Physical characteristics
- • location: Lanabregas, Tirana County
- • location: Tiranë River
- • coordinates: 41°23′52″N 19°42′2″E﻿ / ﻿41.39778°N 19.70056°E

Basin features
- Progression: Tirana ↝ Ishmi ↝ Adriatic Sea

= Lana (river) =

River in Albania

Lana is a river in central Albania that flows through the city of Tirana. A tributary of the Ishmi river basin, it originates on the western slopes of Qafa e Priskës and traverses the Albanian capital before joining the Tirana River near Bërxullë.

==Course==
The Lana rises on the western slopes of Qafa e Priskës, east of Tirana. From its source, it descends through the foothills of the Dajti mountains and enters the urban area of the capital. The river flows westward through Tirana before continuing across the surrounding plain and emptying into Tirana River near Bërxullë.

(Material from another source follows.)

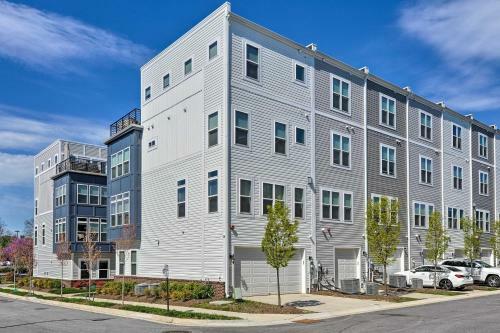 Eclectic Annapolis Townhome With Rooftop Deck!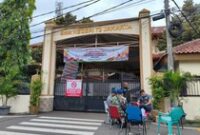 1762623544036-sman-72-kelapa-gading-jakarta-utara-masih-dijaga-pasca-ledakan-sabtu-8112025-pagi-1762571295492_43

The river is approximately 29 km (18 mi) long and drains a catchment basin of about 67 km² (26 sq mi). The basin has a mean elevation of 179 m (587 ft) above sea level with an average gradient of 24 m/km.

The upper section of the basin, situated on the western flank of Dajti, is characterized by steep terrain and limestone bedrock. In its lower reaches, the relief becomes flatter and consists primarily of sandy and gravelly alluvial deposits.

After entering Tirana, the Lana passes through the city in a regulated channel that has been extensively modified for flood control and urban development. The river follows a concrete-lined course through several municipal units, forming an integral feature of the capital's urban landscape.